___ Records for the exercise ___

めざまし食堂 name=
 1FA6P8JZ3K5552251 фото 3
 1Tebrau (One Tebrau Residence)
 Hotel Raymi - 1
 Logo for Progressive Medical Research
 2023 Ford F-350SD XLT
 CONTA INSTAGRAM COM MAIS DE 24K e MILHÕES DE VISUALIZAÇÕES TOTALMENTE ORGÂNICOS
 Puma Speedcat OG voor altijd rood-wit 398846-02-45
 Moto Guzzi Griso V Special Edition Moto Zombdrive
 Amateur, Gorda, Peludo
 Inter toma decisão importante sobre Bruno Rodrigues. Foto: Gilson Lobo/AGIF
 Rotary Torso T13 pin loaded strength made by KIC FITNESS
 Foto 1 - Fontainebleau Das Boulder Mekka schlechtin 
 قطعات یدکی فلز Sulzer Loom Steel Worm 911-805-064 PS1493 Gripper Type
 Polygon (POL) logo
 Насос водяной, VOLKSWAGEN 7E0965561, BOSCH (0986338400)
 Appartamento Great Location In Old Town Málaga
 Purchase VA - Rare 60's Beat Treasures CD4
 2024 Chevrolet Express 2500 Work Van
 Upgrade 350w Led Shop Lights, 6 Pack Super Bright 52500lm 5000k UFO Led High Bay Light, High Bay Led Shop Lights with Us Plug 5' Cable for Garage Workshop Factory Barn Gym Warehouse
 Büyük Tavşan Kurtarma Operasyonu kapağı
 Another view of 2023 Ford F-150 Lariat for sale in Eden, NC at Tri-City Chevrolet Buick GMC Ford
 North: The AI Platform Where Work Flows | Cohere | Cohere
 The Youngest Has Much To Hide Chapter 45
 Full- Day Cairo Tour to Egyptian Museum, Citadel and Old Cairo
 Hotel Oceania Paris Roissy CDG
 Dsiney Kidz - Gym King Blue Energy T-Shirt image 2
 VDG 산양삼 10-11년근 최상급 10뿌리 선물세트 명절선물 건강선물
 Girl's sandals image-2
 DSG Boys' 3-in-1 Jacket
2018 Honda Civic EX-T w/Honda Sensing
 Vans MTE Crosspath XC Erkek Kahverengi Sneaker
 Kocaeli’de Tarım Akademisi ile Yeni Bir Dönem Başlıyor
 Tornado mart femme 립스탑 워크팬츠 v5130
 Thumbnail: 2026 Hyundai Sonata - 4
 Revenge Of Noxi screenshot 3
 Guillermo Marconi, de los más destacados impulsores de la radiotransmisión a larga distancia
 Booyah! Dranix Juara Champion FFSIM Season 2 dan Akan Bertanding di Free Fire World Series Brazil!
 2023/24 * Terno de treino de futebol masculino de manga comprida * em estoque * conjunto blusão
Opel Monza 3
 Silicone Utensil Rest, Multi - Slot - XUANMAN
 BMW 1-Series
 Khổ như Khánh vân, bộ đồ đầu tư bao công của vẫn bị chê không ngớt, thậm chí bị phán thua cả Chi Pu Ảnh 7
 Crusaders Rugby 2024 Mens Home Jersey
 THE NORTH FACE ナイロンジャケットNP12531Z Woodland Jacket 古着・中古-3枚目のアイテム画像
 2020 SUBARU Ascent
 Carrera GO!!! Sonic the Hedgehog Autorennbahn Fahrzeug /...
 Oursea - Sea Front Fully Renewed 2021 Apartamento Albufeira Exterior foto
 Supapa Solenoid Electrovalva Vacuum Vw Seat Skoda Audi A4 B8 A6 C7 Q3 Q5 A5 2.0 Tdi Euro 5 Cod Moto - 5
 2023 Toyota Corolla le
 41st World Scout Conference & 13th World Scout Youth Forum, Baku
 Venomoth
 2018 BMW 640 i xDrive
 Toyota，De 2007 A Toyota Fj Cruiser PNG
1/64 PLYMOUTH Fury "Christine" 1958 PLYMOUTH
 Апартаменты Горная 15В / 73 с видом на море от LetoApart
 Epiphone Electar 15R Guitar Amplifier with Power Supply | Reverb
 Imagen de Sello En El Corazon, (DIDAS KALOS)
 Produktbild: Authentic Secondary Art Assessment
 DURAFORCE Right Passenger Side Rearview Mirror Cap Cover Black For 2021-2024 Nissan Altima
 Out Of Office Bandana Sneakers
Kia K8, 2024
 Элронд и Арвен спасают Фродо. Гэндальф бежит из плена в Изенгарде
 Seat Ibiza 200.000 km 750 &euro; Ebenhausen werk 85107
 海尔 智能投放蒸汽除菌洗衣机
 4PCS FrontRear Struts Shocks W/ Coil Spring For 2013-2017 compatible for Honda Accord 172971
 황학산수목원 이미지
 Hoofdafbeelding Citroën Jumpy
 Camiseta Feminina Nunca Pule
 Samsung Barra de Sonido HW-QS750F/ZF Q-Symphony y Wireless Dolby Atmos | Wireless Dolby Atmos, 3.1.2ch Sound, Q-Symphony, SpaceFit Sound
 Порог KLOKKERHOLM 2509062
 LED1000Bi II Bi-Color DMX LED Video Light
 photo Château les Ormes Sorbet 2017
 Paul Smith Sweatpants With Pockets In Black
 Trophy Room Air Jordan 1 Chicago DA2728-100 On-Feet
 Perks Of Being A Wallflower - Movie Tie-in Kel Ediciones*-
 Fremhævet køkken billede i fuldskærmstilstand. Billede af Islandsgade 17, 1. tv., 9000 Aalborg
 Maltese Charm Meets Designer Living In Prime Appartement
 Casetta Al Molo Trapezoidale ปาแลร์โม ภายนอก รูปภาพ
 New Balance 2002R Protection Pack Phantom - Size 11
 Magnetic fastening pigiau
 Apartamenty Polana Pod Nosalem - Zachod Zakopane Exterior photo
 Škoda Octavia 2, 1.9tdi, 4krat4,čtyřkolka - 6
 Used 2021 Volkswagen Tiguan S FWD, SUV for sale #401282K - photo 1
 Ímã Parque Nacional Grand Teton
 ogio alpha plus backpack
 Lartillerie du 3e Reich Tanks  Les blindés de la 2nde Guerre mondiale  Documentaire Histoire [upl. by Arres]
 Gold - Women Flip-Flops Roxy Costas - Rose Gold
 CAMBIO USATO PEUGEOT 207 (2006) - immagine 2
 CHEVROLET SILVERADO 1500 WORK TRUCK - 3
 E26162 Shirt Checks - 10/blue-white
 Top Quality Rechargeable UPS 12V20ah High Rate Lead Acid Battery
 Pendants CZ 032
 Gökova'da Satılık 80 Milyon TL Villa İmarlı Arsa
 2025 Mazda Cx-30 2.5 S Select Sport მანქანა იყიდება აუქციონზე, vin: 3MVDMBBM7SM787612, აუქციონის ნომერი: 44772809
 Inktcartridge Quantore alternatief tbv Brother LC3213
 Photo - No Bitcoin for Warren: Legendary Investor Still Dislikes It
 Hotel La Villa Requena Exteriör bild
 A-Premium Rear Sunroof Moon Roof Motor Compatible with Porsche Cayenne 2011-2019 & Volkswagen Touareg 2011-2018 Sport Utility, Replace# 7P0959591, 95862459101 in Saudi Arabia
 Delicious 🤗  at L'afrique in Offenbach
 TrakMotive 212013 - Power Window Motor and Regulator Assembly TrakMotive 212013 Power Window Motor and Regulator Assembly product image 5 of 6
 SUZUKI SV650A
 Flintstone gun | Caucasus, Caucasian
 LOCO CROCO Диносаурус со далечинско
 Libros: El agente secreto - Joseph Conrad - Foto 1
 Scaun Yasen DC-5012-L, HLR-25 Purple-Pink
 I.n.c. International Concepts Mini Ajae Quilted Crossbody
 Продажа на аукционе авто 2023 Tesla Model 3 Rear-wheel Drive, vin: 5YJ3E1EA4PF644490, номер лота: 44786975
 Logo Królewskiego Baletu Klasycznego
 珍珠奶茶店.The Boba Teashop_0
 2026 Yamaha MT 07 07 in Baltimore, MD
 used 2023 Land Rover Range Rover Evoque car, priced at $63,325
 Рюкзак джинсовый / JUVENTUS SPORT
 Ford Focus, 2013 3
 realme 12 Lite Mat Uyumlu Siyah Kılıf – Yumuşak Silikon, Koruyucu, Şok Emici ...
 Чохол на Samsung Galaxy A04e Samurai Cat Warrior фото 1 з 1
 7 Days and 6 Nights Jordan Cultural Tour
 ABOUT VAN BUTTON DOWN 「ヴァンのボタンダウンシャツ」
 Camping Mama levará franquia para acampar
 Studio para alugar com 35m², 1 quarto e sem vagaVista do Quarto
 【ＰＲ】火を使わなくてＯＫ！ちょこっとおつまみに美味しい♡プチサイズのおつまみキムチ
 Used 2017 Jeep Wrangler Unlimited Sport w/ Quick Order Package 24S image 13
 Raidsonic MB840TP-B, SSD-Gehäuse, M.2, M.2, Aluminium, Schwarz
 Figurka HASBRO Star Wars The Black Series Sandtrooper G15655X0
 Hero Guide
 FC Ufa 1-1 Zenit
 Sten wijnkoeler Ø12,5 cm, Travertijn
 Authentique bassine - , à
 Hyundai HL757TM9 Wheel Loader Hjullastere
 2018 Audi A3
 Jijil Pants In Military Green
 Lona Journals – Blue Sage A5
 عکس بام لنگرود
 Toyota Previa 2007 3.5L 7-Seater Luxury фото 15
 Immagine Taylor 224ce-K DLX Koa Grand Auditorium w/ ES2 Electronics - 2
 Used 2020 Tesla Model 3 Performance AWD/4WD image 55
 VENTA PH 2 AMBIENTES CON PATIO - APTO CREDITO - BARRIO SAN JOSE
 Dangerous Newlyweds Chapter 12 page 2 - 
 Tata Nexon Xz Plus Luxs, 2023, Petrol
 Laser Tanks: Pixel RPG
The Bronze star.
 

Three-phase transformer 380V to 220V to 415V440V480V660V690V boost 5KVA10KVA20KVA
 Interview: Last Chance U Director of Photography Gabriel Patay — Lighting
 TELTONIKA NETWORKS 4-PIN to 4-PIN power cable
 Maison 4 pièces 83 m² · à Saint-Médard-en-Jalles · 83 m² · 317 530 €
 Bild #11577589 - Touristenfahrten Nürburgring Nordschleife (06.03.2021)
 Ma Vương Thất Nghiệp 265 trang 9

___

__What is needed__
In the listing above, find the line with "Hotel La Villa Requena Exteriör bild" and the line with "Immagine Taylor 224ce-K", then reproduce both and every line between them exactly.

__Output below__
 Hotel La Villa Requena Exteriör bild
 A-Premium Rear Sunroof Moon Roof Motor Compatible with Porsche Cayenne 2011-2019 & Volkswagen Touareg 2011-2018 Sport Utility, Replace# 7P0959591, 95862459101 in Saudi Arabia
 Delicious 🤗  at L'afrique in Offenbach
 TrakMotive 212013 - Power Window Motor and Regulator Assembly TrakMotive 212013 Power Window Motor and Regulator Assembly product image 5 of 6
 SUZUKI SV650A
 Flintstone gun | Caucasus, Caucasian
 LOCO CROCO Диносаурус со далечинско
 Libros: El agente secreto - Joseph Conrad - Foto 1
 Scaun Yasen DC-5012-L, HLR-25 Purple-Pink
 I.n.c. International Concepts Mini Ajae Quilted Crossbody
 Продажа на аукционе авто 2023 Tesla Model 3 Rear-wheel Drive, vin: 5YJ3E1EA4PF644490, номер лота: 44786975
 Logo Królewskiego Baletu Klasycznego
 珍珠奶茶店.The Boba Teashop_0
 2026 Yamaha MT 07 07 in Baltimore, MD
 used 2023 Land Rover Range Rover Evoque car, priced at $63,325
 Рюкзак джинсовый / JUVENTUS SPORT
 Ford Focus, 2013 3
 realme 12 Lite Mat Uyumlu Siyah Kılıf – Yumuşak Silikon, Koruyucu, Şok Emici ...
 Чохол на Samsung Galaxy A04e Samurai Cat Warrior фото 1 з 1
 7 Days and 6 Nights Jordan Cultural Tour
 ABOUT VAN BUTTON DOWN 「ヴァンのボタンダウンシャツ」
 Camping Mama levará franquia para acampar
 Studio para alugar com 35m², 1 quarto e sem vagaVista do Quarto
 【ＰＲ】火を使わなくてＯＫ！ちょこっとおつまみに美味しい♡プチサイズのおつまみキムチ
 Used 2017 Jeep Wrangler Unlimited Sport w/ Quick Order Package 24S image 13
 Raidsonic MB840TP-B, SSD-Gehäuse, M.2, M.2, Aluminium, Schwarz
 Figurka HASBRO Star Wars The Black Series Sandtrooper G15655X0
 Hero Guide
 FC Ufa 1-1 Zenit
 Sten wijnkoeler Ø12,5 cm, Travertijn
 Authentique bassine - , à
 Hyundai HL757TM9 Wheel Loader Hjullastere
 2018 Audi A3
 Jijil Pants In Military Green
 Lona Journals – Blue Sage A5
 عکس بام لنگرود
 Toyota Previa 2007 3.5L 7-Seater Luxury фото 15
 Immagine Taylor 224ce-K DLX Koa Grand Auditorium w/ ES2 Electronics - 2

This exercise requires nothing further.